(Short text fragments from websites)

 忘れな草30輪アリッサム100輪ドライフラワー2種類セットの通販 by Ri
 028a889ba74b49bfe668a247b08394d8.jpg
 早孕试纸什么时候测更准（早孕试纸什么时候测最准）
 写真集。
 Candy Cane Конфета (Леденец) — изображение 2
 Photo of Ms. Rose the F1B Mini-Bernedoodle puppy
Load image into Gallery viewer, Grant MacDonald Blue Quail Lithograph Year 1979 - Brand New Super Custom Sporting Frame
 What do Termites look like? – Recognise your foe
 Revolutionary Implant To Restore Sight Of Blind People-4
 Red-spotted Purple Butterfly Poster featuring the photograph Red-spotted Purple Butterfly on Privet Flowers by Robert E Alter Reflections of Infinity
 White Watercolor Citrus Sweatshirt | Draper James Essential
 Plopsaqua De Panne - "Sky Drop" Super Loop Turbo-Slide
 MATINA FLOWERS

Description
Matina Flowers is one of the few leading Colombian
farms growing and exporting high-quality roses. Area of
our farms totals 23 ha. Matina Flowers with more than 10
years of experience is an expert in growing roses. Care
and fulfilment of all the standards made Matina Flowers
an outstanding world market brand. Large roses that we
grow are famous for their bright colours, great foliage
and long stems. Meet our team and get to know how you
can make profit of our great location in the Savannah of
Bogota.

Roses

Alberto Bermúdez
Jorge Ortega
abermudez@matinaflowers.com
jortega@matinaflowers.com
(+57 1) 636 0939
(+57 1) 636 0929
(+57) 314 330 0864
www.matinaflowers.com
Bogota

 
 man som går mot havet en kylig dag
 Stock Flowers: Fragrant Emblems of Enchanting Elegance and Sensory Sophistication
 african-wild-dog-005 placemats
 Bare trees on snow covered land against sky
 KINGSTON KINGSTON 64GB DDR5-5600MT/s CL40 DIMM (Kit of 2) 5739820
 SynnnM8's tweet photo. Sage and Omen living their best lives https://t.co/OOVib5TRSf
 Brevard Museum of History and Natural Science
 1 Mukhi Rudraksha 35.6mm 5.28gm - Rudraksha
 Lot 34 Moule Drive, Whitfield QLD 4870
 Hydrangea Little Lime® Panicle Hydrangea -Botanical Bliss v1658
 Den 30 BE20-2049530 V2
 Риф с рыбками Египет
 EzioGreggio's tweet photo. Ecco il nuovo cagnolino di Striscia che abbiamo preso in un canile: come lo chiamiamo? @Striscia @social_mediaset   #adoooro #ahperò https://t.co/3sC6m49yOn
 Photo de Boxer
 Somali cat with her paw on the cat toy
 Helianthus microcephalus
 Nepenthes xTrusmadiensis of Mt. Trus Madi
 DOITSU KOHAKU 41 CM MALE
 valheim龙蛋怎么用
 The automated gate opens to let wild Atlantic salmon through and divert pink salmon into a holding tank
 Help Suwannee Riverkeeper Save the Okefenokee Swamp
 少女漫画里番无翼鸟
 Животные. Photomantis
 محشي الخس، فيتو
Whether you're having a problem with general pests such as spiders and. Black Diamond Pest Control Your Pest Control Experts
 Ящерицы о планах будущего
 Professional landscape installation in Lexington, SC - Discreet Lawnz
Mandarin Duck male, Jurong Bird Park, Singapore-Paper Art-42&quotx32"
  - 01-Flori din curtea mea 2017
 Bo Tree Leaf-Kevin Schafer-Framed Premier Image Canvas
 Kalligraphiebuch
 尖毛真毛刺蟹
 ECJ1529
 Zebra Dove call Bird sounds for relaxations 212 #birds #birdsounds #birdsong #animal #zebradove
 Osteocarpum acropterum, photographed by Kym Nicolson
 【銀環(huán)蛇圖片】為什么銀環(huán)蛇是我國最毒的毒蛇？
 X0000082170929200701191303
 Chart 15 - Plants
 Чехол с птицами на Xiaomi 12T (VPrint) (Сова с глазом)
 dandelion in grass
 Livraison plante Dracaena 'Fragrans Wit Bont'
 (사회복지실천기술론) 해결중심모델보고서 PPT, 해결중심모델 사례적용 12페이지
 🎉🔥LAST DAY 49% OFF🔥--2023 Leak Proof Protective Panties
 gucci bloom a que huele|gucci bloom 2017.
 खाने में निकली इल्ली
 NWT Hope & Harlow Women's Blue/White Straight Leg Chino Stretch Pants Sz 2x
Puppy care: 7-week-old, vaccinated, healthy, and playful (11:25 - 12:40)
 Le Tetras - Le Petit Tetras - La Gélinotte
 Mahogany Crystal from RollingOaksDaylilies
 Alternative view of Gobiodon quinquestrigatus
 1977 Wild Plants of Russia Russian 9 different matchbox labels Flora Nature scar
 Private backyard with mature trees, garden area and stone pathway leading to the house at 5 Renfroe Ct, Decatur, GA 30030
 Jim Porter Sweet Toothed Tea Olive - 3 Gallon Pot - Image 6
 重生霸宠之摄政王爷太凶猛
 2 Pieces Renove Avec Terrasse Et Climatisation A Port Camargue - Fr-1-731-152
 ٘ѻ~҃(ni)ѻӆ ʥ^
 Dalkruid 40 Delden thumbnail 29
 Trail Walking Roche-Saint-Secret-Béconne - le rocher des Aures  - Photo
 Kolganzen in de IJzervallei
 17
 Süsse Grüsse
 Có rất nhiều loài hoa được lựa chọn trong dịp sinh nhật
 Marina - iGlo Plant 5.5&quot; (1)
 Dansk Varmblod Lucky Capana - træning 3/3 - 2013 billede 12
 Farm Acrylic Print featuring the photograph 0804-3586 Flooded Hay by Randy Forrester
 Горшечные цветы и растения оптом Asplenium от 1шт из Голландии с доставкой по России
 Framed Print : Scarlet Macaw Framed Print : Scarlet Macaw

## What needs to be done
Looking at the data, how many lines hold the string "Super"? Reply with the number alone.

## Answer to this task
2